Vorgangspassiv vs Zustandspassiv: Process or State?
“Grammar doesn’t only tell us what happens — it tells us what remains.”
- Тимур Левітін
Most learners of German are told that “Passive Voice = werden + Participle II.” That is only half the truth. German actually distinguishes two different passives:
- Vorgangspassiv (werden-Passiv): describes the process or event itself.
- Zustandspassiv (sein-Passiv): describes the state that results from the process.
Understanding this difference is essential not just for exams, but for translation, for legal texts, and for real communication.
Vorgangspassiv (Process Passive)
- Das Auto wird repariert.
The car is being repaired. (focus on the repair as an event) - Das Auto wurde repariert.
The car was repaired. (the process happened) - Das Auto ist repariert worden.

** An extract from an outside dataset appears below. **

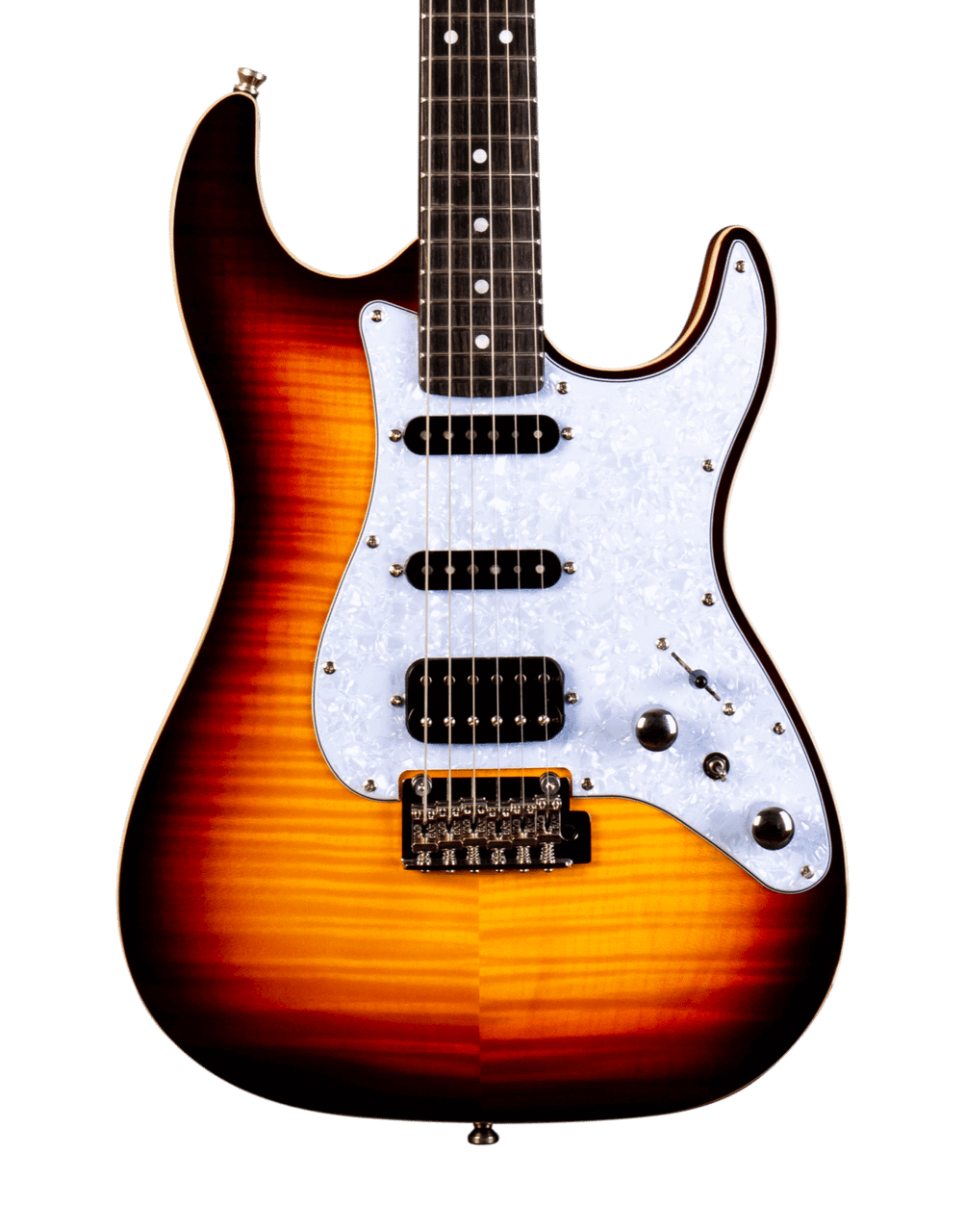 JET GUITARS JS-600 FLAMED MAPLE TOP ELECTRIC GUITAR HSS EB SUNBURST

The car has been repaired. (completed process, reported as event)
Zustandspassiv (State Passive)
- Das Auto ist repariert.
The car is repaired / in a repaired state. (focus on the condition, not the event) - Das Auto war repariert.

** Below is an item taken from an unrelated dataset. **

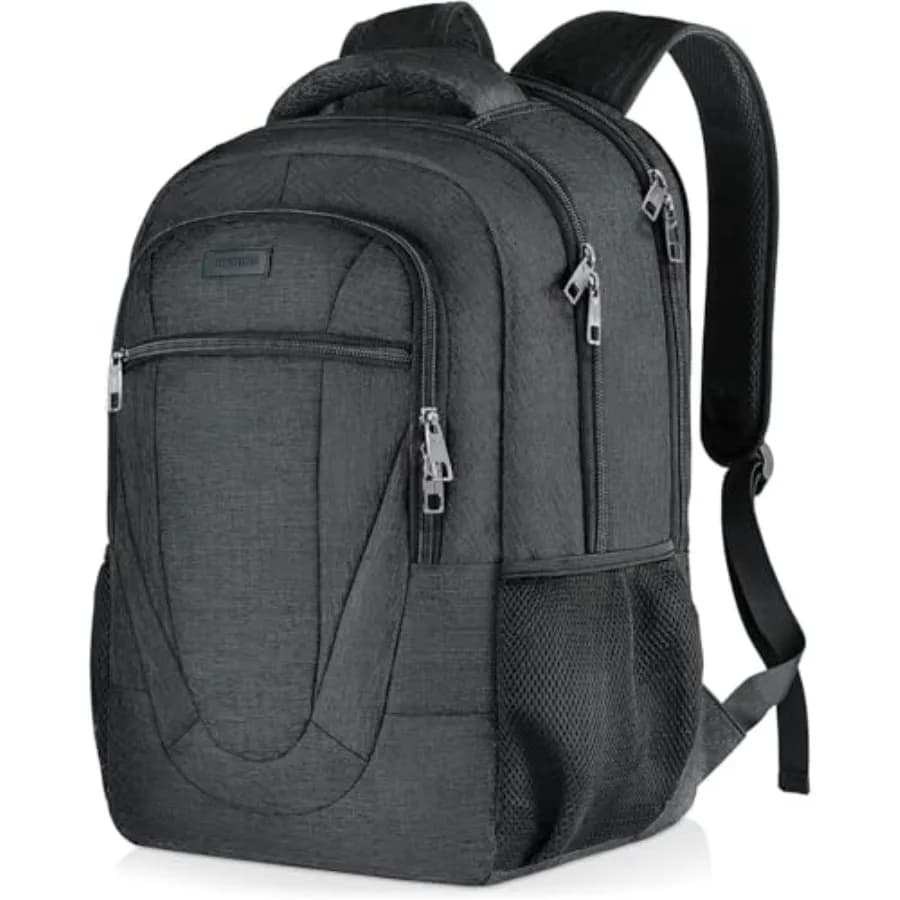 Travel Laptop Backpack, 17 Inch Extra Large School Backpacks for Teen Boys and Girls, Black Water Resistant Women Back Pack, Bu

The car was repaired / stood repaired. (condition in the past) - Das Auto ist repariert gewesen.
The car had been in a repaired state. (rare, but possible in formal writing)
Why does this matter?
- In English, Russian and Ukrainian the difference often disappears:
- Англійська: The car was repaired.
- Russian: «Машина отремонтирована» / «Машину отремонтировали.»
- Ukrainian: «Автомобіль відремонтований» / «Автомобіль відремонтували.»
- German forces you to choose between event (Vorgang) and state (Zustand).
For translators, this is critical: the wrong passive can change the meaning. In contracts, reports, or legal documents, precision is everything.
Cross-language traps
- Es ist entschieden. = “It is decided” (state).
- Es wird entschieden. = “It is being decided / will be decided” (process).
Both translate similarly into English, but in German they show whether the action is ongoing or completed.
Survival strategies
- If you are not sure which form to use in conversation → default to Vorgangspassiv (werden). It is safer and more frequent.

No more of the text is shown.